Shah told the vendors, most of whom had never heard of Twitter, that he once tweeted to encourage people to buy the paper from a vendor named Leonard at the corner of 18th and M streets NW.

That tweet was seen by 987 people.

“Hold on. Hold on. Run that by me again!” Leonard said. He high-fived Shah.

That’s the reaction Shah aims for with his social-media-for-good program, which he calls Social Rise.

The idea was born when Shah was a student at the University of Maryland and volunteering with a program that helps low-income families. He watched the participants strike out again and again as they filled out job applications, and he thought: That’s not how I would get a job. Why tell these people to do it that way?

Shah knew that studies have found that 70 or 80 percent of people get their jobs through networking, not just blindly applying.
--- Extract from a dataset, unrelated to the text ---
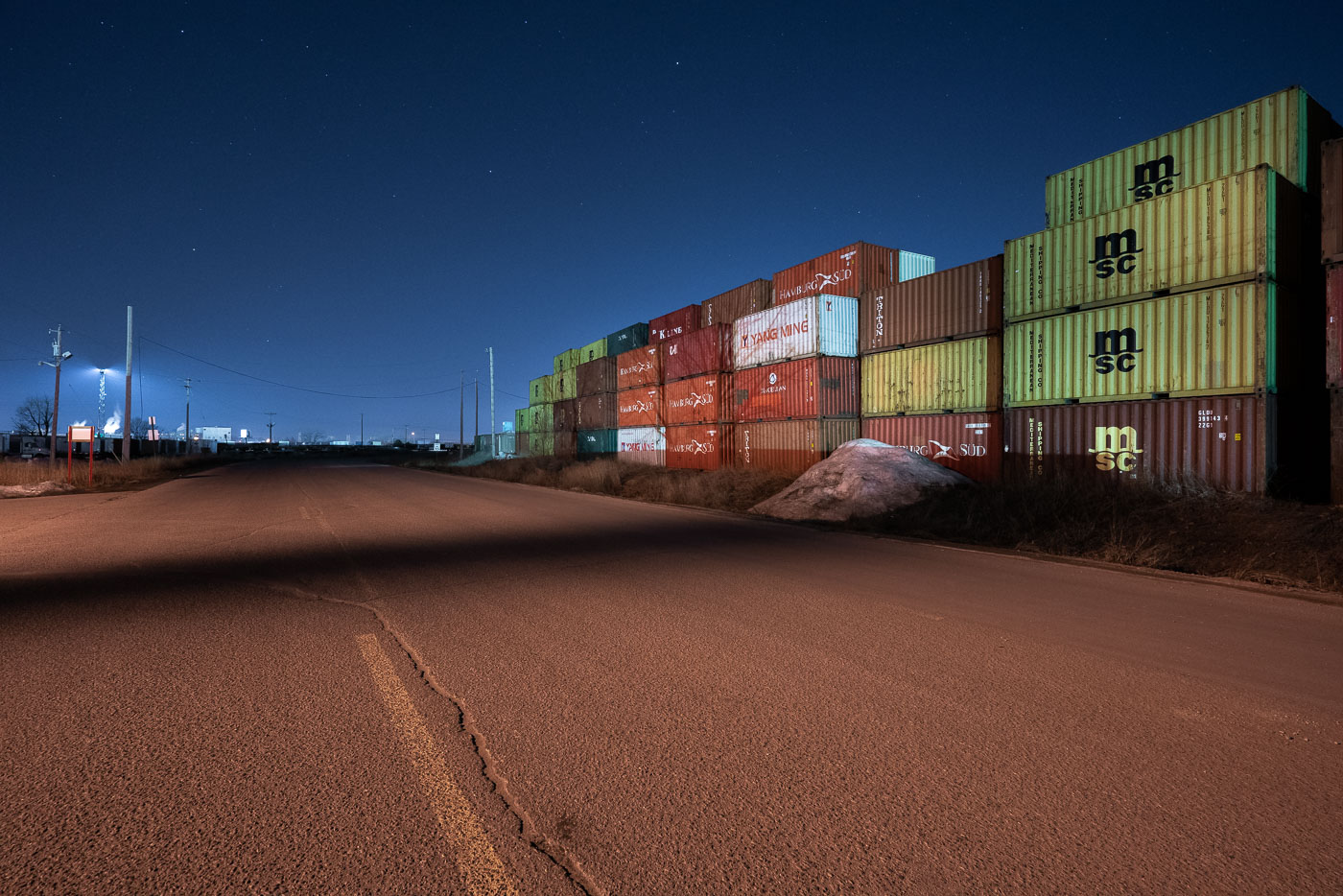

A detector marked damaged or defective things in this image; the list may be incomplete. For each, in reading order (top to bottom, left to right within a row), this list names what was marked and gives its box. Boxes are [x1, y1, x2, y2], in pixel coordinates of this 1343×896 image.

And much of that networking happens nowadays via screens, not face to face.

So after Shah graduated from college and started a job at IBM — where his duties include teaching executives to use Twitter and LinkedIn — he created a Web site, recruited a few volunteers and launched Social Rise. On Tuesday, he said, he learned that Social Rise had been accepted as a federally recognized 501(c)(3) nonprofit entity.

Social Rise offers instructional presentations and one-on-one coaching to any nonprofit organization with which Shah can connect.
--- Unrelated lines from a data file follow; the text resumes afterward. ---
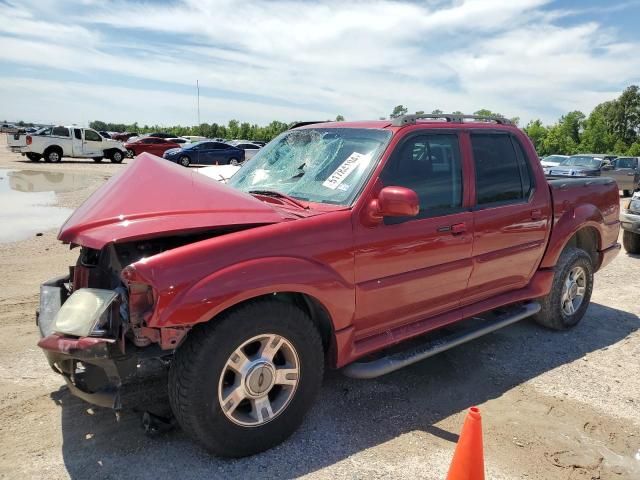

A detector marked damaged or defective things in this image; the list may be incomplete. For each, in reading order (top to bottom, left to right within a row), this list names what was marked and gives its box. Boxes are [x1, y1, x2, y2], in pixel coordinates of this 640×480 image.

crumpled hood [58, 153, 288, 251]
shattered windshield glass [228, 127, 392, 204]
broken headlight [53, 288, 119, 338]
damaged front bumper [36, 274, 136, 408]
torn bumper piece [37, 334, 136, 408]
damaged red truck [36, 113, 620, 458]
One that took him up on his offer is Empowered Women International, which teaches low-income and immigrant women to start their own businesses.

Rebecca Lazar sells baked goods at farmers markets and wants eventually to open her own storefront bakery. With Shah’s help, Lazar started Facebook and Google+ pages to tell people when and where they can find her products.

“Before this, I wouldn’t see any need for the Internet to get the business out there. I’ve been swamped — working at another bakery, raising a family and trying to get my own business,” said Lazar, 39.

She said the social media pages have helped her drum up business. And Shah answered one nagging question she had: “About those hashtags. Maybe I’m that backwards with technology, but the hashtag was something I never understood before. Why do people put the pound sign before everything?”

Mayamerica Cortez, a Salvadoran immigrant who has been writing poetry and prose for decades, said she looks forward to promoting her next novel on her new social media accounts, once she has finished writing it.

“I thought it was more for socializing,” she said. And since she is in her late 60s, she worried she was too late to start. “With Kushaan, I learned that it’s a good tool to expand [the number of] people who can know your work.”

Cortez said that when she had a one-on-one meeting with Shah, she couldn’t believe how easy it was to post her work online. “Oh my God. I was amazed,” she said. “At that very moment, I put the first little poem on.”

Not everyone immediately feels that excitement, and Shah acknowledges that “there’s no real manual on how to teach social media to the homeless.”

At the Street Sense vendors workshop, Shernell Thomas, who sells the paper near the Dupont Circle and Farragut West Metro stations, expressed a common concern. “Isn’t it also dangerous? Because you’re putting all your personal information out there — this is what you look like, this is who you’re related to over here, this is who your friends are over here,” she said. “I don’t want my life to be an open book on the Internet.”

Shah tried to reassure her — and to emphasize ways in which Twitter might be useful.

He suggested, for example, that vendors might figure out the hashtag that a local conference is using, then tweet with that hashtag to encourage conference attendees to buy Street Sense papers while they are in town.

To demonstrate to the group, he clicked on a trending hashtag, #MotivationalMonday. One post caught everyone’s eye — a video of an adorable puppy.

Thomas hit upon the fundamental strangeness of social media: “I’m missing something. You pass this particular area where a dog is running across a bed. And you say I’m going to advertise on that?”